Crawled caption data

*** Block opens ***

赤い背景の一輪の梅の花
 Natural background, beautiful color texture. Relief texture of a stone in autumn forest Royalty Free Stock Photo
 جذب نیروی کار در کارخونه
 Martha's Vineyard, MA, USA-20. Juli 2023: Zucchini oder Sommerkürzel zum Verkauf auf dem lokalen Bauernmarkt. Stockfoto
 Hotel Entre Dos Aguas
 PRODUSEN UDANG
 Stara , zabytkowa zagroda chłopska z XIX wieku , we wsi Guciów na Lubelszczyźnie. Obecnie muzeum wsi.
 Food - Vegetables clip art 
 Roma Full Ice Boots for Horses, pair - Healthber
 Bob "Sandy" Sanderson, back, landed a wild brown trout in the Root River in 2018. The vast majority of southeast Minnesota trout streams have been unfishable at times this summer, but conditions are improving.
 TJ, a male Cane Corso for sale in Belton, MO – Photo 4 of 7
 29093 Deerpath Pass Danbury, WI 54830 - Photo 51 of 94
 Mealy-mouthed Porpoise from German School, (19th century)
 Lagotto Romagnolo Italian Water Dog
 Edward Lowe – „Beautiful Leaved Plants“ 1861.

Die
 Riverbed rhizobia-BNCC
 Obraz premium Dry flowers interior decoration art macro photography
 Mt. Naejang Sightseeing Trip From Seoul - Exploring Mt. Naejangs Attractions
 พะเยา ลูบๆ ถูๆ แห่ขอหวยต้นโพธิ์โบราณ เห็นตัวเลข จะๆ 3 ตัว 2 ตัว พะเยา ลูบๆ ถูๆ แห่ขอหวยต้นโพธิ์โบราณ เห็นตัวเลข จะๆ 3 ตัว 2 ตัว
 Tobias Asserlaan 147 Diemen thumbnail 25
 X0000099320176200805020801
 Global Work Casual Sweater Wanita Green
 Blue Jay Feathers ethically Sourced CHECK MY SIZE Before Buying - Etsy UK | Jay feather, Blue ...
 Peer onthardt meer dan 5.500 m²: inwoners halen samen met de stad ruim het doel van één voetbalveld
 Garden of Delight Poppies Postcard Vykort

*** Block closes ***

Look above for the line with "PRODUSEN UDANG" and the line with "Roma Full Ice", and reproduce exactly those two lines plus every line between, nothing more.

 PRODUSEN UDANG
 Stara , zabytkowa zagroda chłopska z XIX wieku , we wsi Guciów na Lubelszczyźnie. Obecnie muzeum wsi.
 Food - Vegetables clip art 
 Roma Full Ice Boots for Horses, pair - Healthber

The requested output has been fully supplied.